Transition alimentaire : les régimes nutritionnellement sains sont-ils compatibles avec les autres dimensions de la durabilité ?

Avis d’expert – Vers une assiette plus végétale : deux questions à Rémi Kahane

Rémi Kahane Chercheur
CIRAD
A propos de l’auteur

Rémi Kahane est agronome à l’unité HortSys du Cirad à Montpellier (France), correspondant filière de la recherche horticole pour le développement. Il a été sélectionneur d’oignons pour une coopérative agricole en Bourgogne pendant 15 ans, et secrétaire exécutif de l’Initiative mondiale pour l’horticulture de 2006 à 2013. Il a coorganisé le Congrès mondial de l’horticulture à Angers en 2022, et préside depuis 2021 le Conseil consommateur d’Aprifel.

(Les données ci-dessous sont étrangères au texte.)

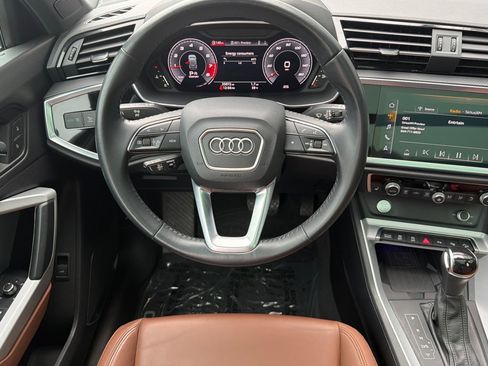 Used 2020 Audi Q3 2.0T Prestige w/ Prestige Package image 18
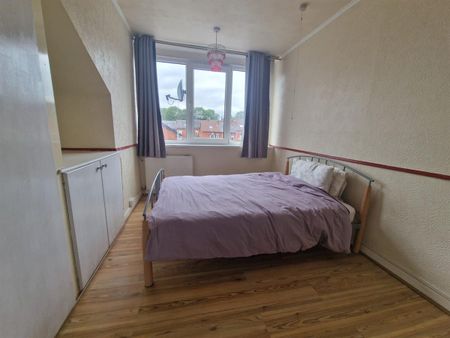 Tempest Road, Room 1, Leeds - Photo 3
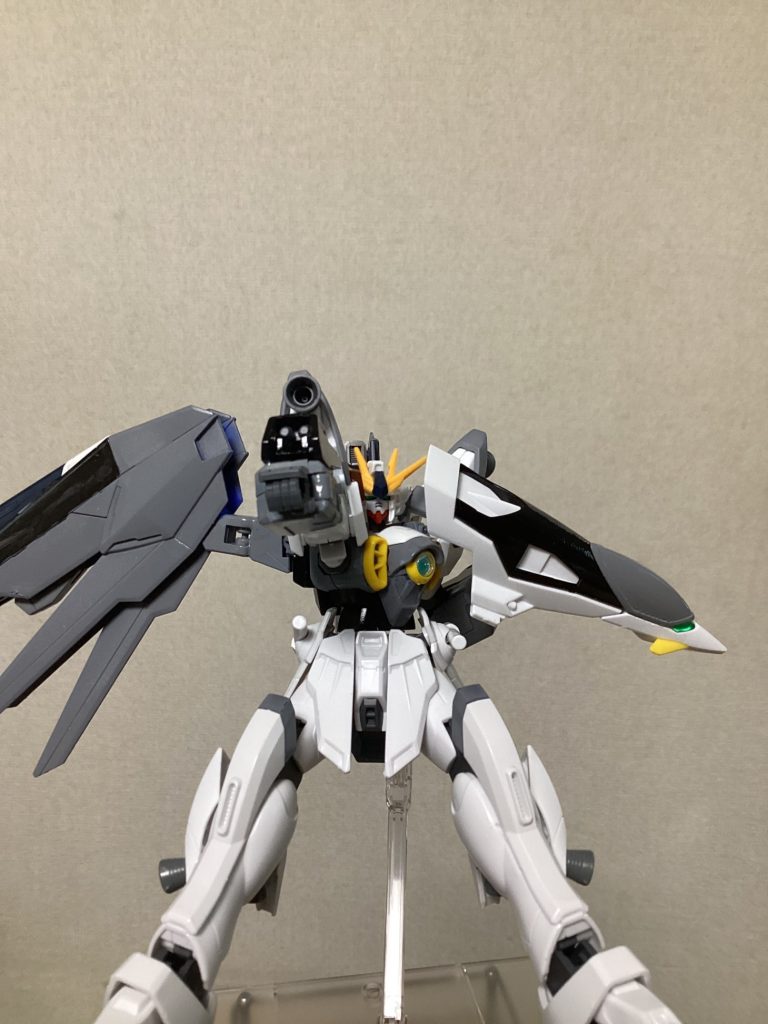 グレネードランチャー:HG Zガンダムから流用しており、両腕部に装備しています。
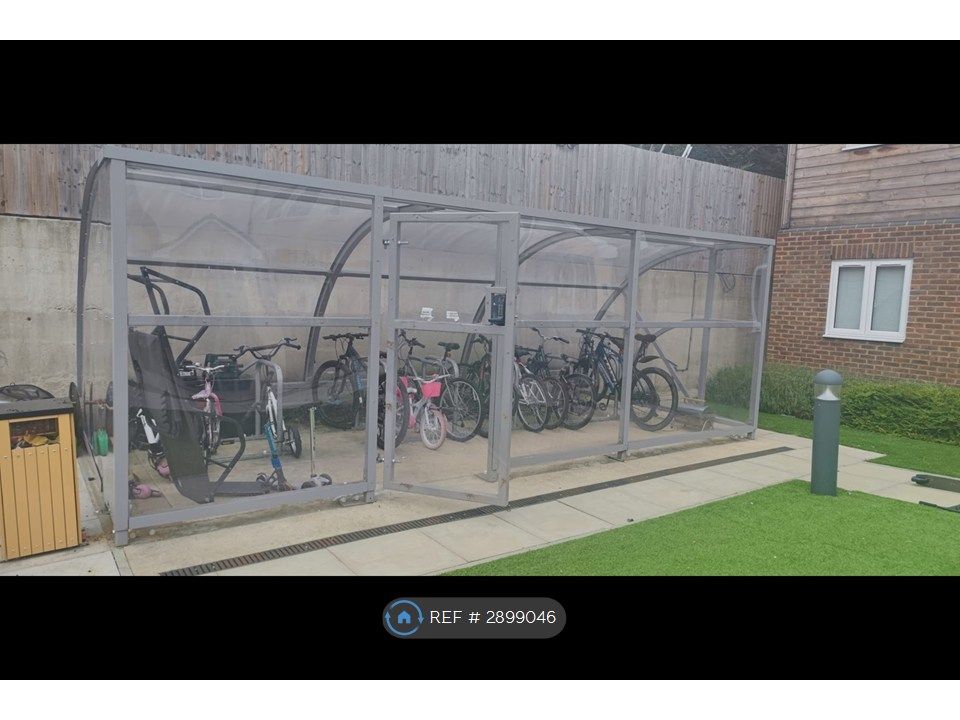 Additional image 6 of 2 bed flat to rentAlice Court, Luton LU2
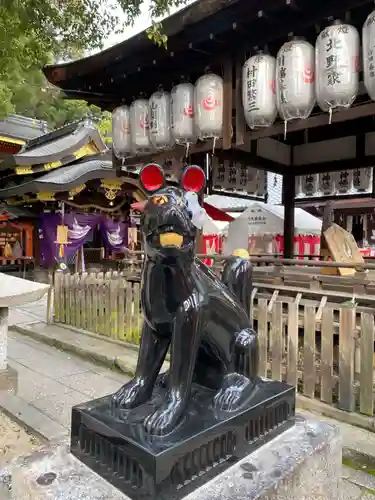 満足稲荷神社の狛犬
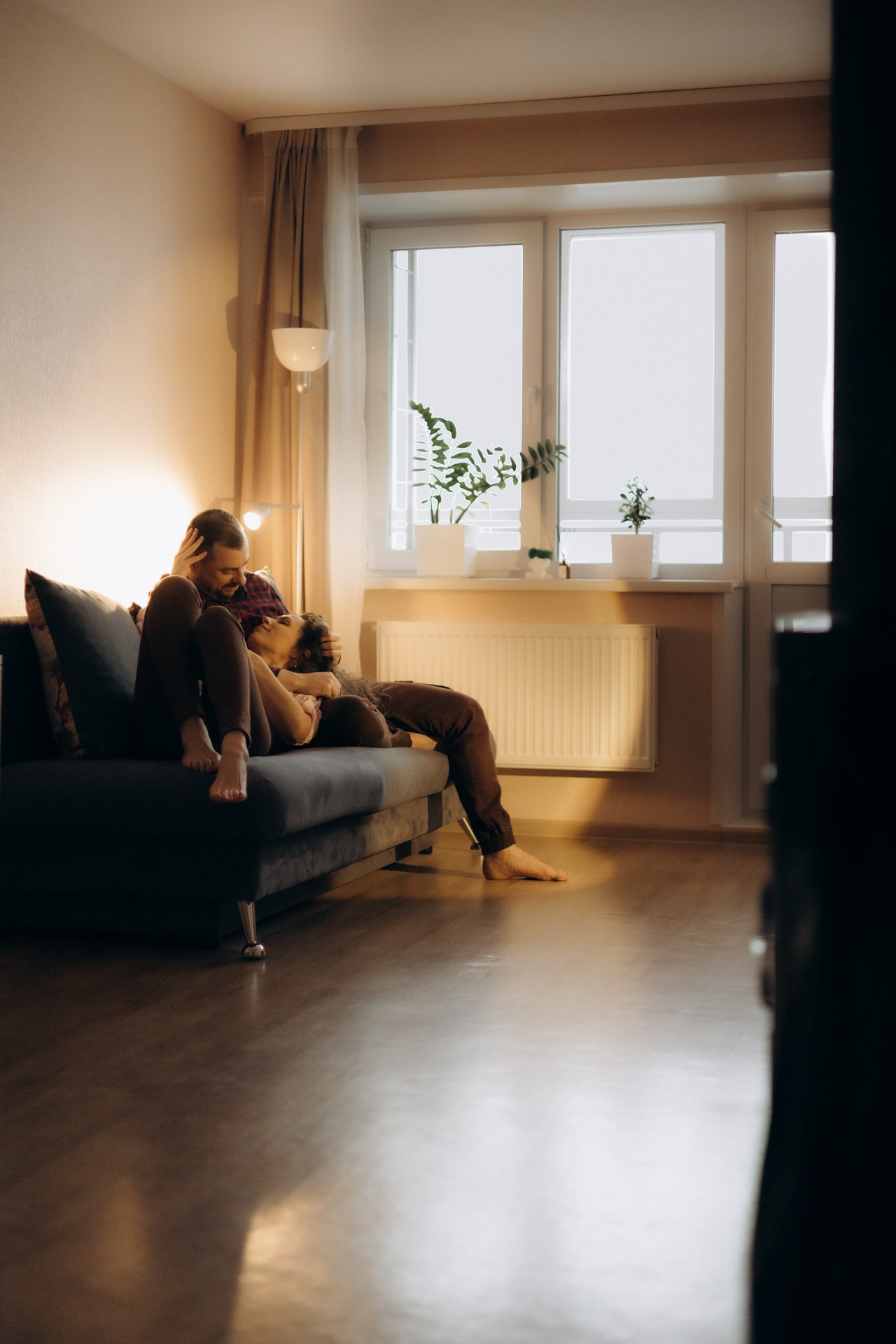 Домашняя фотосессия лавстори. Семейный фотограф в Ижевске Даша Денисова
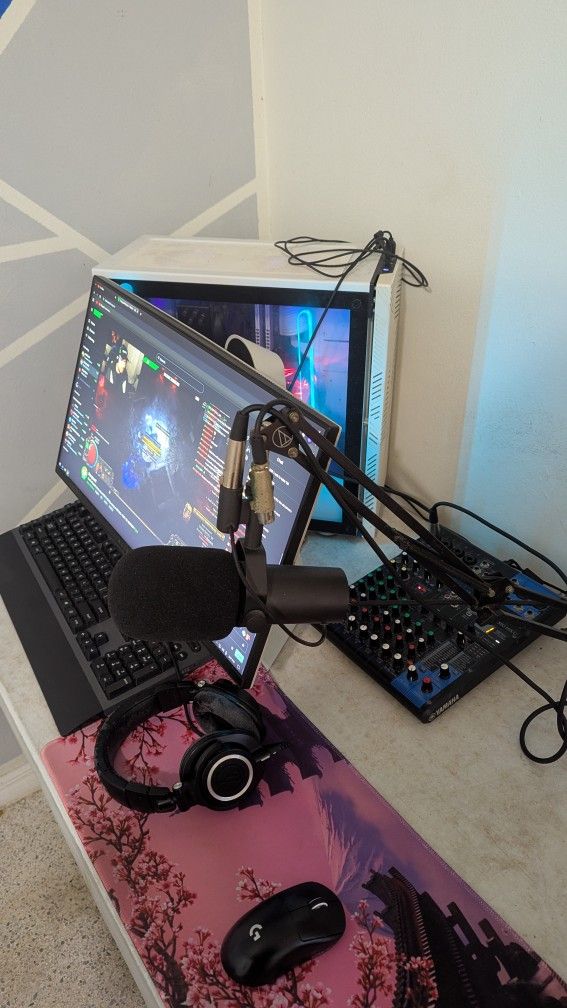 Entire Desktop Setup With Microphone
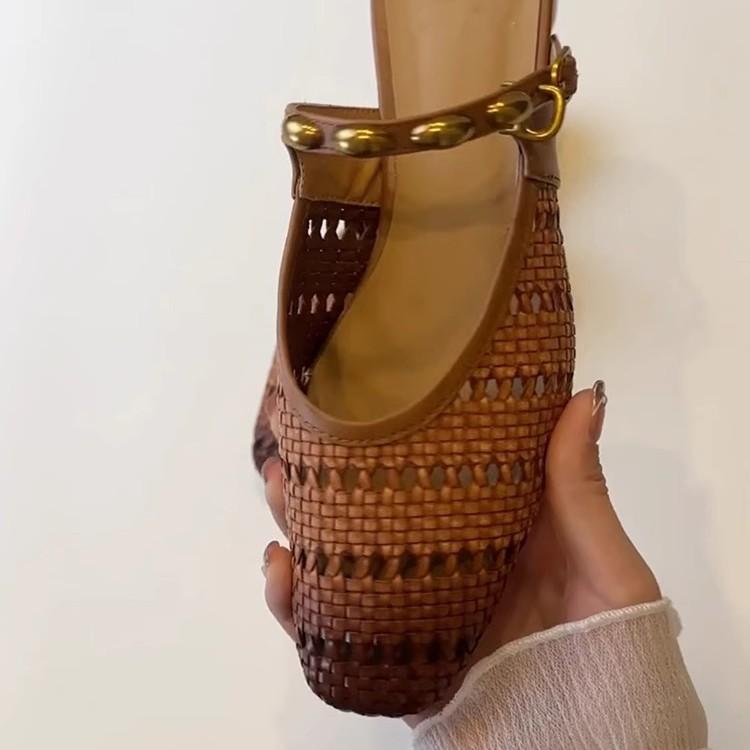 Soft Leather Edition~ Gentle Versatile Coarse Heel Woven Baotou Shoes Women's French Metal One-word Belt Hollow Breathable Semi-Slippers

Idée reçue 1 La végétalisation de l’assiette peut-elle être déployée à tous les niveaux ? Faux

La végétalisation systématique de l’assiette est sans doute possible mais pas recommandée, ni pour la santé du consommateur, ni pour celle de l’environnement. La transition agroécologique nutritionnelle nécessite une approche holistique tenant compte des différents contextes : géographiques et agro-pédo-climatiques, physiologiques, et aussi socio-économiques et socio-culturels, comme l’accessibilité physique et financière aux produits. Certaines situations physiologiques comme la grossesse nécessitent des apports importants en fer héminique, exclusivement présents dans des aliments d’origine animale et plus assimilable que le fer non héminique provenant de végétaux. Dans ce cas de figure, l’adoption d’un régime exclusivement végétal expose à un risque de carences sévères en nutriments essentiels pour le développement de l’embryon.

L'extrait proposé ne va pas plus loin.